The enlargement of the European Union to 25 members in May 2004 will be an enormous political challenge to the European institutions since decision-making will become even more difficult in a Union that will be very heterogeneous, both economically and socially. The proposal that the number of members in the European Commission be limited to the president and, at most, 14 other commissioners is therefore to be welcomed. Alongside them, there could be delegated members. It would have been better to apply this to the appointment of the next Commission in autumn 2004 instead of waiting, as now planned, until 2009.
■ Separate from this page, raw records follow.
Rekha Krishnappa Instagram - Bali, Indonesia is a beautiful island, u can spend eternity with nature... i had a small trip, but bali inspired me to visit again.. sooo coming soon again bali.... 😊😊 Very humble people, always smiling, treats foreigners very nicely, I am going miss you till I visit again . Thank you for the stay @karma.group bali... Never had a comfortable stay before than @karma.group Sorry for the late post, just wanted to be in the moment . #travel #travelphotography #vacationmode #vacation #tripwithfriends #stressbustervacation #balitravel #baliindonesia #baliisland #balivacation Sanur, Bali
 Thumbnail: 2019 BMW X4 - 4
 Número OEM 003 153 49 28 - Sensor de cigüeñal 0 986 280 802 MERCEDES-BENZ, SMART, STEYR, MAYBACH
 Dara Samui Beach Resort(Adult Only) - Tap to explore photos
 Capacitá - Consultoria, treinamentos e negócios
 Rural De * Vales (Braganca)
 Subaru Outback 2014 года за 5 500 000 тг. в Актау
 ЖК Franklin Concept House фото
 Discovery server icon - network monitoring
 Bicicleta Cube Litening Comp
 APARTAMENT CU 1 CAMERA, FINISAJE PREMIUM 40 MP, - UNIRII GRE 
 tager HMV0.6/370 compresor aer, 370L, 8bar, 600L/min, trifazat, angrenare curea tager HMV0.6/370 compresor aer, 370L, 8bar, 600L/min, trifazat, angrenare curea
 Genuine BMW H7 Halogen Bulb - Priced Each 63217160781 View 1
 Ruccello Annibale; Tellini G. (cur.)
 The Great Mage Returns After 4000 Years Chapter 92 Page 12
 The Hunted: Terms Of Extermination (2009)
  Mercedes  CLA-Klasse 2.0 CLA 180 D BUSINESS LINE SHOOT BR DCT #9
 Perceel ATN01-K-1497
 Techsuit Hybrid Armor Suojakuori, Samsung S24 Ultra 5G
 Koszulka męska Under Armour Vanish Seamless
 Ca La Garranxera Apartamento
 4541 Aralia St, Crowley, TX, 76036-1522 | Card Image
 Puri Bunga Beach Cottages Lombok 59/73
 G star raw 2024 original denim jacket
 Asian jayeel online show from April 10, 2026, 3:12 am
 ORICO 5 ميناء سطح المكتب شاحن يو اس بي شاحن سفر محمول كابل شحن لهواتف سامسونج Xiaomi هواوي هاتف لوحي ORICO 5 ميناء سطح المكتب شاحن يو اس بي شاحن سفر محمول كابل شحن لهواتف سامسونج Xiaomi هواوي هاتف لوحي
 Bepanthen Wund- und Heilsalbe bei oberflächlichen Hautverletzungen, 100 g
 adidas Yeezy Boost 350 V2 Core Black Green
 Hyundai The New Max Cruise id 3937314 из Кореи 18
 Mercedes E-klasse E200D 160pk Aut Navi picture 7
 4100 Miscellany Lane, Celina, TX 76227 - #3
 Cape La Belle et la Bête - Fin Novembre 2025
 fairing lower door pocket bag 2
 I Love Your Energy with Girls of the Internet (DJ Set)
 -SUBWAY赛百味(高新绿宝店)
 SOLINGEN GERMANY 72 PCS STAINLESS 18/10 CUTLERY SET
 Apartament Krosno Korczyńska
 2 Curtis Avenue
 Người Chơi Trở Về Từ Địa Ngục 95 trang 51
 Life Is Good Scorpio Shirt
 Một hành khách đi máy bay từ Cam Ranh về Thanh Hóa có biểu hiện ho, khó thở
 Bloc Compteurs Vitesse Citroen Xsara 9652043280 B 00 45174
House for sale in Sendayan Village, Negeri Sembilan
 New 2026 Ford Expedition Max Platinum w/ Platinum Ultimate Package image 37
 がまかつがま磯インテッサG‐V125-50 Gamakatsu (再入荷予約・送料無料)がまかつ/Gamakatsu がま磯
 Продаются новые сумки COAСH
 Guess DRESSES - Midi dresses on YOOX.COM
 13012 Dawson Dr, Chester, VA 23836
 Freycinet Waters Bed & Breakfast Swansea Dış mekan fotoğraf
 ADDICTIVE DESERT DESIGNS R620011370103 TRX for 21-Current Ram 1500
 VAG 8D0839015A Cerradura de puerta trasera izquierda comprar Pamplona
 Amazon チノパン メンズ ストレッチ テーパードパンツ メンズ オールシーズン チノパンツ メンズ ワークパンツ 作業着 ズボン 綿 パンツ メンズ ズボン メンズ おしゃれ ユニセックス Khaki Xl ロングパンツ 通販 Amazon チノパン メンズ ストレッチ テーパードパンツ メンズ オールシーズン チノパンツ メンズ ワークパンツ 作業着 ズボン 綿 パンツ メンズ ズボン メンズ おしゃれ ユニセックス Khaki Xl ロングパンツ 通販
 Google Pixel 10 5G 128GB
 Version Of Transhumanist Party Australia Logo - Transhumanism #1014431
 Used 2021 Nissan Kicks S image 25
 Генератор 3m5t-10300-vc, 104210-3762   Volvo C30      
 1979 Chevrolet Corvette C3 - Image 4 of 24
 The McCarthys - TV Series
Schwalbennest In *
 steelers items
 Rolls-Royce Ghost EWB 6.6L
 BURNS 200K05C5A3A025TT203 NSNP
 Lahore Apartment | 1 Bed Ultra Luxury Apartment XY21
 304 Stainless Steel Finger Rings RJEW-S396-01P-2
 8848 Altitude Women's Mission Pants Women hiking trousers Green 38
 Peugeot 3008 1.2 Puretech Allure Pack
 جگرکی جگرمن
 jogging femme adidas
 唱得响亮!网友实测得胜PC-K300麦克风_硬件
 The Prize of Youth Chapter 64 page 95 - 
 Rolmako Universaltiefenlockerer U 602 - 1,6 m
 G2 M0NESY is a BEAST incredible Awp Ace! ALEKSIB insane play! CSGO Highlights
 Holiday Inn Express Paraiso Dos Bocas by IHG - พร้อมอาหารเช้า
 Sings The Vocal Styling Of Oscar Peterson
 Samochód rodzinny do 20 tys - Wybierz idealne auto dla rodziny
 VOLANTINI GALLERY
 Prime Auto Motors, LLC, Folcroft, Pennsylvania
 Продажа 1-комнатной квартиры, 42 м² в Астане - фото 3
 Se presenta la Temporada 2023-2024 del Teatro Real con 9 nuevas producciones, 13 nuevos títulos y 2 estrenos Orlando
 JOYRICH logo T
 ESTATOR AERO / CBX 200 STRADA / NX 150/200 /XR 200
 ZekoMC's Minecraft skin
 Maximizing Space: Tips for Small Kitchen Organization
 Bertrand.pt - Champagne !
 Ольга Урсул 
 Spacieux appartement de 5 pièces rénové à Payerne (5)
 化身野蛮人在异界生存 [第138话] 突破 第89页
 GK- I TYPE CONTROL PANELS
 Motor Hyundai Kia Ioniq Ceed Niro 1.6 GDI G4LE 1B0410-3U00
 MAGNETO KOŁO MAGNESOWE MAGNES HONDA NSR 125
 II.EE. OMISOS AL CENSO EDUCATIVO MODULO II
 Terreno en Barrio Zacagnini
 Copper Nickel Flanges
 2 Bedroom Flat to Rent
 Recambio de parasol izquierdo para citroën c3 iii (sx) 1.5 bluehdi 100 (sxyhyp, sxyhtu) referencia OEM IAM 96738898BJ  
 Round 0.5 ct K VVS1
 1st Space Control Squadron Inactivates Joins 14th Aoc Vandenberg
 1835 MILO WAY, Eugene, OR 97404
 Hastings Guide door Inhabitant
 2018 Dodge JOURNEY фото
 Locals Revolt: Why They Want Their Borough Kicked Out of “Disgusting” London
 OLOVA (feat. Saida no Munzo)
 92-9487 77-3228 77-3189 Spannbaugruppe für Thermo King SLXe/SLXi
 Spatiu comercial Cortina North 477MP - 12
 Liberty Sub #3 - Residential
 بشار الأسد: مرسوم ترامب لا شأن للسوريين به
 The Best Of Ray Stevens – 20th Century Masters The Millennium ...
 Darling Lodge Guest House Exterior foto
It will be interesting to see how the instrument of “enhanced cooperation”, which has been taken up again, will develop in future. It was introduced in the Amsterdam Treaty and altered by the Treaty of Nice. In principle it is a “last resort” when a measure cannot be implemented by the Union as a whole. While it has not been used in the past, in a Union with increasingly diverse member states it could become a foundation stone for an (open) core Europe. The 15-member EU already has wide experience of areas in which “the objectives […] cannot be attained within a reasonable period by applying the relevant provisions of the Treaties”. Member states could enhance their cooperation (providing at least one-third of the states are brought together) not only in sensitive areas such as foreign and security policy or taxation, which will mostly continue to require unanimous decisions, but also in all areas for which the Union and the member states share competence. However, this path still requires the assent of the other member states: “Authorisation to proceed with enhanced cooperation shall be granted by a decision of the Council, acting by a qualified majority on a proposal from the Commission and after obtaining the assent of the European Parliament.” Will this enable some of the member states to attain qualitative objectives (e.g. harmonisation in the single market) in areas in which the Union as a whole fails for years to make progress on the basis of qualified majorities or co-decision procedure?
It is disappointing that something similar cannot be done in the coordination of economic policy. Here, the European Commission – with its “Recommendation on the Broad Guidelines on the Economic Policies of the Member States and the Community” – remains underrepresented in the institutional power structure. “The Member States shall coordinate their economic policies within the Union”, and they will continue to reserve for themselves the right to interpret the extent of their coordination in this area. Systematic involvement of the Eurogroup (the ministers of the member states that have introduced the euro) in this process would be appropriate, but the opportunity has probably been missed.